On March 2, Firefly Aerospace’s Blue Ghost made history, becoming the first commercial lunar lander to successfully touchdown on the moon’s surface. The groundbreaking lander is wasting no time in getting to work. According to NASA, the joint public-private mission has already successfully demonstrated the ability to use Earth-based GPS signals on the lunar surface, marking a major step ahead of future Artemis missions.

Accurate and reliable navigation will be vital for future astronauts as they travel across the moon, but traditional GPS tools aren’t much good when you’re around 225,000 miles from Earth. One solution could be transmitting data from the Global Navigation Satellite System (GNSS) to the lunar surface in order to autonomously measure time, velocity, and position. That’s what mission engineers from NASA and the Italian Space Agency hoped to demonstrate through the Lunar GNSS Receiver Experiment (LuGRE), one of the 10 projects packed aboard Blue Ghost.

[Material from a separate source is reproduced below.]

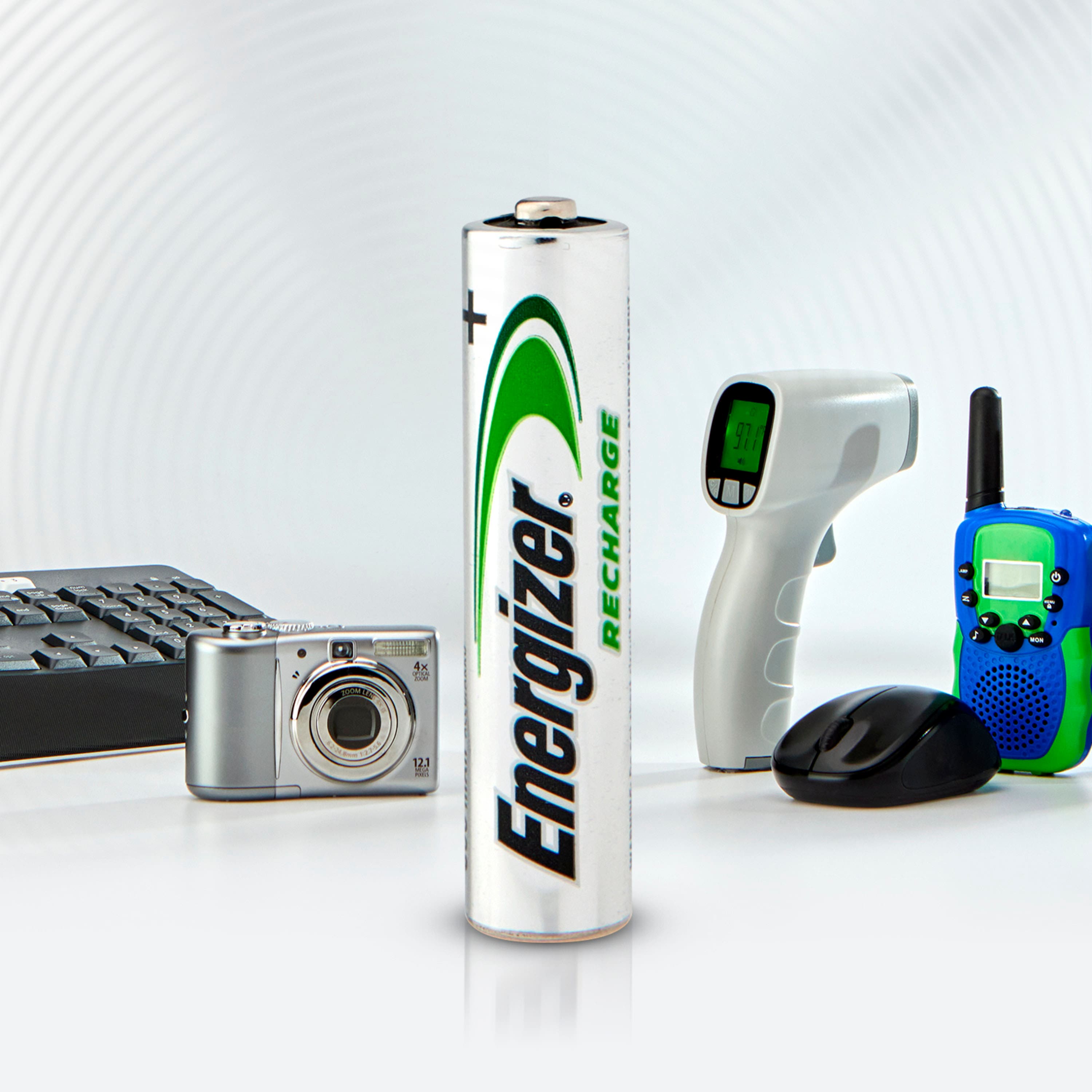 Alt View 15. Energizer - Rechargeable AAA Batteries (4 Pack) 800 mAh Triple A Batteries - Silver.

However, LuGRE’s achievements didn’t only begin after touchdown on the moon. On January 21, the instrument broke NASA’s record for highest altitude GNSS signal acquisition at 209,900 miles from Earth while traveling to the moon. That record continued to rise during Blue Ghost’s journey over the ensuing days, peaking at 243,000 miles from Earth after reaching lunar orbit on February 20.

NASA currently tracks spacecraft using a mix of onboard sensors and Earth-based tracking signals, but these methods generally require oversight from a team of engineers. Swapping out some of these systems for GNSS data could reduce the need for human operators, since the signals can be autonomously picked up by spacecraft.

“On Earth we can use GNSS signals to navigate in everything from smartphones to airplanes,” Kevin Coggins, deputy associate administrator for NASA’s SCaN (Space Communications and Navigation) Program, said in a statement. “Now, LuGRE shows us that we can successfully acquire and track GNSS signals at the Moon.”

LuGRE relied on two GNSS constellations, GPS and Galileo, which triangulate positioning based on dozens of medium Earth orbit satellites that provide real-time tracking data. It performed its navigational fix at approximately 2 a.m. EST on March 3, while about 225,000 miles from Earth. Blue Ghost’s LuGRE system will continue collecting information over the next two weeks almost continuously while the lander’s other tools begin their own experiments.